Multi-manufacturer or multi-car series and championships need close competition to thrive and survive. Variety and closeness of competition are like the air that big championships breath in order to maximise return-on-investment for OEM’s partners and stakeholders.
If a BoP system was not employed in some series someone is going to lose out and, in all probability, will leave the category soon rather than later.
So, an equal playing field is essential but how do you get there?
That was the brief given to motorsport and automotive technology and engineering specialist, AVL, at the end of 2020 by the DTM organisers led by former McLaren and Ferrari Formula 1 driver Gerhard Berger.
“It was a task that is obviously hotly debated because the way of doing balance of performance is not an exact science,” says AVL’s Skill Team Leader of Racing, Michael Peinsitt.
“You need to take into account what you see on the track, you get testing results, you need to evaluate those results, you need to factor in the driver performance, so it can be a very controversial subject.”
Trying to mitigate that controversy, AVL devised a system that used vehicle dynamic simulation to determine the balance of performance.

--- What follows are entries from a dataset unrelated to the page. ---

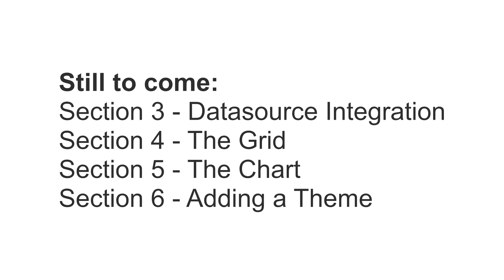In the rest of the series, we'll build the grid, chart, and add a custom theme to the dashboard. But before we build the next feature, we'll take a look into how to use the data source component. A data source is needed to retrieve the data from our API and inject it into our grid and chart. And we'll see exactly how to do that in the next segment.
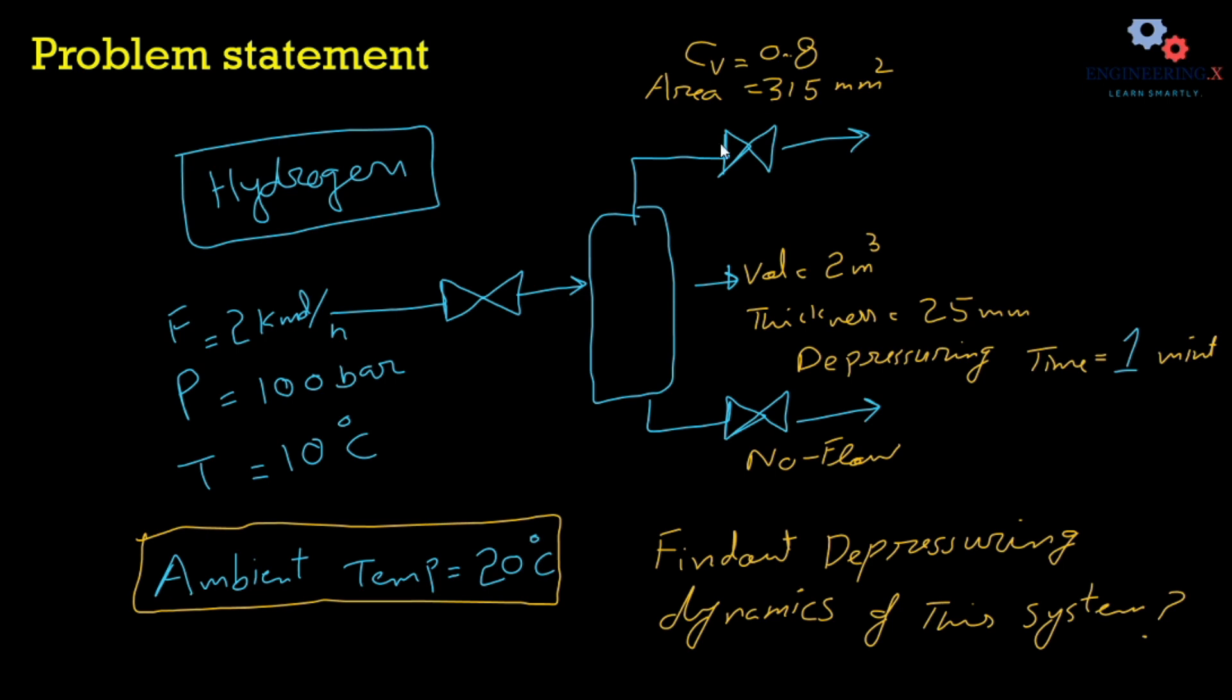The valve specification is also given for depressurization: the CV value is 0.8 and area for flow is also given for this valve. We want to depressurize this much gas at this pressure in one minute, and we have to find out the depressurizing dynamics of this system.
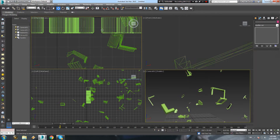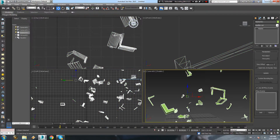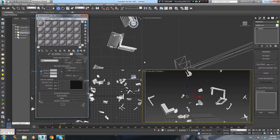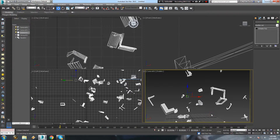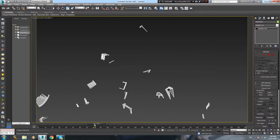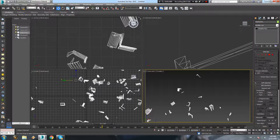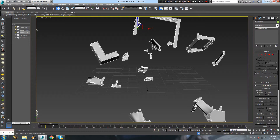Hide everything except the Mesher, and you are ready to animate the camera around the exploded parts. I hope you liked this tutorial and will find it useful. For any questions leave a comment and rate the video. Thank you, bye bye.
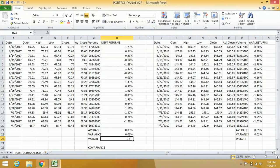I want to invest equal amount of money to each asset, probably because each asset has nearly the same range of variance. You can see Microsoft has 0.01% and Apple has the same.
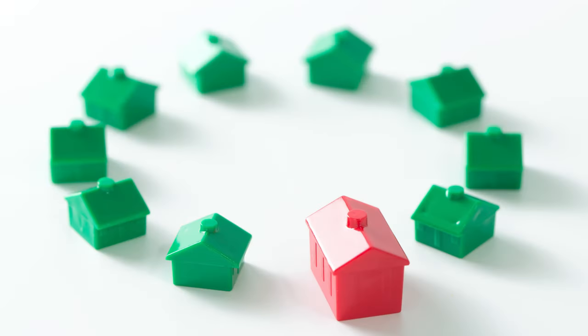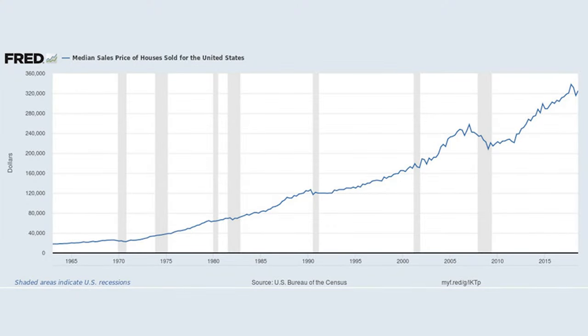Generally speaking, over the long haul — we're talking decades-long periods — real estate historically has always rebounded or appreciated in value. Someone somewhere is going to find an exception in a certain property class in a certain market, and of course those exist. But generally speaking, the value of real estate is going up, especially housing.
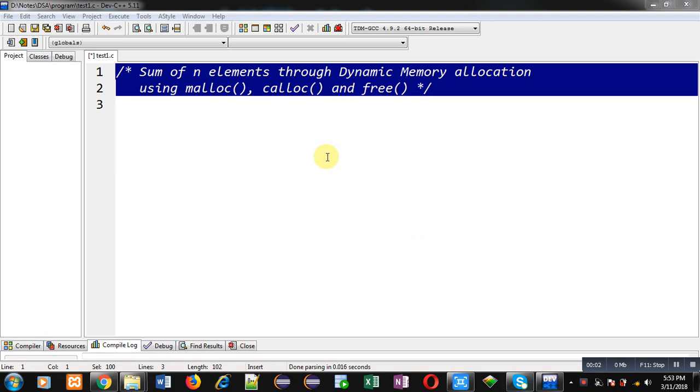Hello friends, I am Sanjay Gupta. In this video, I am going to demonstrate how you can add n elements through dynamic memory allocation using malloc, calloc, and free functions.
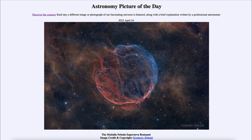Greetings and welcome to the introduction to astronomy. One of the things that I like to do in each of my introductory astronomy classes is to begin the class with the Astronomy Picture of the Day from the NASA website — that is apod.nasa.gov/apod — and today's picture for April 24th of 2023 is titled the Medulla Nebula supernova remnant.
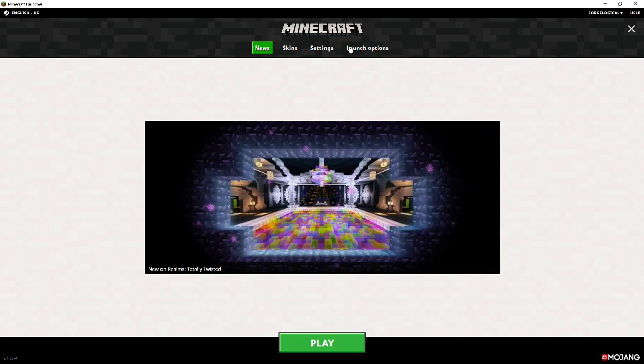Hello all my logical friends. My name is Forage and welcome to a brand new video. So today we're looking at the brand new Minecraft launcher.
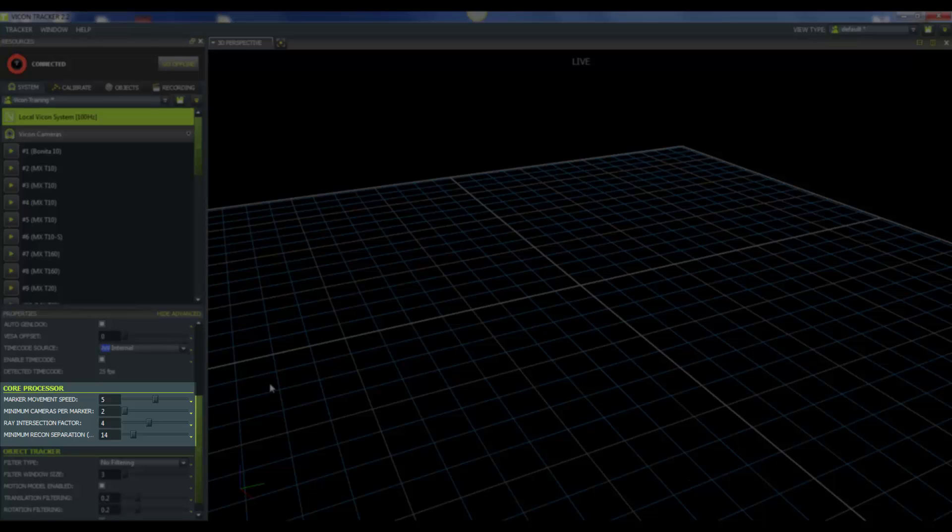Now we have minimum cameras per marker. The default value for this is 2, and that means you must have two cameras see a marker at the same time in order for that marker to reconstruct. For systems with many cameras, you might want to bump up this value. We often suggest that you leave the value around 2 or 3. If you set it too high, then you might start losing real markers. On the other hand, if your value is too low, then you might start seeing stray reflections. You will need to play with this setting in your lab in order to determine an appropriate value.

Developed in house here at AVL’s Austrian base, the AVL VSM™ RACE driving dynamics software works in simulation with purely virtual vehicle models as well as virtual drivers. The software allows AVL’s racing engineers to simulate up to 100,000 laps by means of cloud computing in such a short time that it can be completed between practice sessions.
“That means that every relevant subpart of the car is described through numbers,” adds Peinsitt.
Such examples as describing the engine by the torque map through different engine speeds and throttle positions are used as well as many other parameters.
“The suspension is characterised with kinematic maps such as a toe change or a camber change versus wheel travel and the aerodynamics is described as a drag and the downforce coefficient versus front and rear ride height and the respective wing positions,” adds Peinsitt.
AVL has been involved in top-level motorsport for more than 25 years and through its industry contacts and the new for 2020 switch to the GT3 three cars for 2021, it became clear that DTM needed a balance of performance.
“They were looking at the available options,” says Peinsitt.
And they said, well, we would like to try something novel, something that not everybody has been doing. That’s why they approached us and said ‘can you do something for us?
We looked at it. And finally, we said yes, ‘we think we can do this’.
And indeed, they could as a consistent and technically adept system using AVL’s sim technology and specific vehicle dynamic data became a regular and largely uncontroversial axis in a successful, headline-grabbing and diverse first season of DTM GT3 racing in 2021.